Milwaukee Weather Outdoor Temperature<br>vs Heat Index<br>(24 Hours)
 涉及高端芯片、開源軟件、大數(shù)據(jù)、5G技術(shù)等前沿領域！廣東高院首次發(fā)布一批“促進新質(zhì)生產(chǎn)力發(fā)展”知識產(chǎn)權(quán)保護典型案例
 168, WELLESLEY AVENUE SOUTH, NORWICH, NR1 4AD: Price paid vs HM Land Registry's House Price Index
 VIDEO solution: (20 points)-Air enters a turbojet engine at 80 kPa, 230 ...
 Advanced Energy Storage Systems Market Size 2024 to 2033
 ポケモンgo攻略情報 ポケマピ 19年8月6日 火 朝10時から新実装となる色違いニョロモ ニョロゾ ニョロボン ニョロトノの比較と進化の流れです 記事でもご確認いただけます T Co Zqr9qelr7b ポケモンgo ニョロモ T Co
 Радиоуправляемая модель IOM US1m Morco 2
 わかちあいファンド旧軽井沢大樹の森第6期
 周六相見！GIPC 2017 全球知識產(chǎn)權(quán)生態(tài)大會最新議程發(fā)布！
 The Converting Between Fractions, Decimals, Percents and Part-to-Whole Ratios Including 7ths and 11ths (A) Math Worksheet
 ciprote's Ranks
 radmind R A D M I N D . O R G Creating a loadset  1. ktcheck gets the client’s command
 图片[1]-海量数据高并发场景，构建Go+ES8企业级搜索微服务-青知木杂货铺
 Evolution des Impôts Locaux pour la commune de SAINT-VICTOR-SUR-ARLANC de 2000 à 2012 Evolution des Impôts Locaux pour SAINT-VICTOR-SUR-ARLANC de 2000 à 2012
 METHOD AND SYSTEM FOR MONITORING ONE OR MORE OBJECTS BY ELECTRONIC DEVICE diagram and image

**********

» WORK ITEM: Read the entries and pick out all lines that include the word "quán".

» SOLUTION TO THE EXERCISE:
 涉及高端芯片、開源軟件、大數(shù)據(jù)、5G技術(shù)等前沿領域！廣東高院首次發(fā)布一批“促進新質(zhì)生產(chǎn)力發(fā)展”知識產(chǎn)權(quán)保護典型案例
 周六相見！GIPC 2017 全球知識產(chǎn)權(quán)生態(tài)大會最新議程發(fā)布！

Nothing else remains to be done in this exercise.